La pauvreté comme violation des droits humains : vers un droit à la non-pauvreté  (2)

Malgré l’abondance de la littérature sur la pauvreté, ce concept reste difficile à définir du fait de sa complexité inhérente. On serait tenté de dire que les pauvres sont les personnes privées de leurs moyens de subsistance. Mais la subsistance n’est pas un simple critère physiologique ; elle implique aussi la notion de décence qui ne peut être appréciée que dans le contexte précis qui lui donne sens, variable d’une société à l’autre et, au sein d’une même société, évolutif dans le temps. D’où la difficulté de parvenir à une définition cohérente de la pauvreté à l’échelle globale. Le présent article évite l’écueil de l’histoire du débat normatif sur la pauvreté, ses implications sociologiques et les hypothèses qui le sous-tendent, en définissant la pauvreté comme une souffrance physique et psychologique liée à la privation des moyens de mener une vie en accord avec la dignité humaine. Si l’analyse de la pauvreté en termes de droits est largement absente des doctrines philosophiques et religieuses traditionnelles, une approche contractuelle est susceptible de démontrer que toute personne, en tant que membre d’une communauté, mérite que cette communauté lui apporte tout ce qui est nécessaire à ce qu’elle ne soit pas pauvre. Étant donné que la communauté pertinente n’est aujourd’hui envisageable qu’au niveau global, il s’ensuit que la pauvreté est un problème global à l’échelle internationale, et que son éradication est un devoir collectif permettant à tout un chacun de jouir du droit à la non-pauvreté.

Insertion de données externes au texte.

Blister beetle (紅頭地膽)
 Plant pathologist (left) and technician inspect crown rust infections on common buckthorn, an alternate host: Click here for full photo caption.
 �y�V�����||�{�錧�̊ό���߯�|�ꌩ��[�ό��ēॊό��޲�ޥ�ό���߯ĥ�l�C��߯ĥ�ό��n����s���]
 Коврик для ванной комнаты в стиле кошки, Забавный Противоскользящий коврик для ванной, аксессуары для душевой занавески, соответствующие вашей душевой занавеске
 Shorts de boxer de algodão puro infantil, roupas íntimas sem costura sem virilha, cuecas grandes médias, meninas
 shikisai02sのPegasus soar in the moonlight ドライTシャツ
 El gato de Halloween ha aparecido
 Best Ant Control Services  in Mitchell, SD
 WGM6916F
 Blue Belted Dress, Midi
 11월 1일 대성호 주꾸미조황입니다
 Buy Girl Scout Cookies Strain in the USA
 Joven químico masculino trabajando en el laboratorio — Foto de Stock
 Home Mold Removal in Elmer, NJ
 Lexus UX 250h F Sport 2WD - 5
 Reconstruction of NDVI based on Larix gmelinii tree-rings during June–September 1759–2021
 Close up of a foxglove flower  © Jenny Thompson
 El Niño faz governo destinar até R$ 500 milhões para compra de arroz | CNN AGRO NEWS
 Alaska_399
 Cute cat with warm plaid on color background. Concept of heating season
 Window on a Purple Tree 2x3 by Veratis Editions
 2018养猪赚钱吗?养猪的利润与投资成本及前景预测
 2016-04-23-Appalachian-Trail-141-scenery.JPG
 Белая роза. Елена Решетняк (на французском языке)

Des droits des pauvres au droit à la non-pauvreté

Pour les pauvres, le fait d’avoir la certitude d’une assistance de l’État peut être considéré comme une garantie positive. Mais l’état de pauvreté en lui-même, que ce soit avec ou sans la garantie d’assistance, peut aussi être perçu comme la violation d’un droit à la non-pauvreté. C’est là le principal propos de cette section, dans laquelle nous cherchons à fonder cette intuition.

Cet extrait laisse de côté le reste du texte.